Significance and Impact
Resilience, i.e., obtaining a correct solution in a timely and efficient manner, is a key challenge in extreme-scale supercomputers. Supercomputer hardware, from time to time, encounters an error that remains undetected until it is too late and an application has been impacted by data corruption. Computational algorithms used by the US Department of Energy’s supercomputers need to be resilient against such errors to ensure the trust in their results and to not negatively impact science breakthroughs by requiring multiple simulations to assure correctness. The developed self-stabilizing label-propagation algorithm to compute the connected components in a graph is resilient to such errors and outperforms traditional approaches for providing such level of resilience.

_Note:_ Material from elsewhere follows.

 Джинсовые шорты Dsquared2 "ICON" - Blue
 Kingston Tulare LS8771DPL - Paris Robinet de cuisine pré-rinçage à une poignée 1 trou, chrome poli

- Developed a self-stabilizing label-propagation algorithm to compute the connected components in a graph
- Identified the valid and invalid states of this algorithm were identified
- Studied the self-stabilizing property to reach a valid state from an invalid state
- Identified the computational and storage complexity of the developed algorithm
- Experimentally evaluated the resilience and performance of the developed algorithm
Piyush Sao, Chistrian Engelmann, Srinivas Eswar, Oded Green, and Richard Vuduc. Self-stabilizing Connected Components. In Proceedings of the 32nd International Conference on High Performance Computing, Networking, Storage and Analysis (SC) Workshops 2019: 9th Workshop on Fault Tolerance for HPC at eXtreme Scale (FTXS) 2019, Denver, CO, USA, November 22, 2019. IEEE Computer Society, Los Alamitos, CA, USA.
For the problem of computing the connected components of a graph, this work considers the design of algorithms that are resilient to transient hardware faults, like bit flips. More specifically, it applies the technique of self-stabilization. A system is self-stabilizing if, when starting from a valid or invalid state, it is guaranteed to reach a valid state after a finite number of steps. Therefore on a machine subject to a transient fault, a self-stabilizing algorithm could recover if that fault caused the system to enter an invalid state. We give a comprehensive analysis of the valid and invalid states during label propagation and derive algorithms to verify and correct the invalid state. The self-stabilizing label-propagation algorithm performs O (V log V) additional computation and requires O (V) additional storage over its conventional counterpart (and, as such, does not increase asymptotic complexity over conventional). When run against a battery of simulated fault injection tests, the self-stabilizing label propagation algorithm exhibits more resilient behavior than a triple modular redundancy (TMR) based fault-tolerant algorithm in 80% of cases. From a performance perspective, it also outperforms TMR as it requires fewer iterations in total. Beyond the fault-tolerance properties of self-stabilizing label-propagation, we believe, they are useful from the theoretical perspective; and may have other use-cases.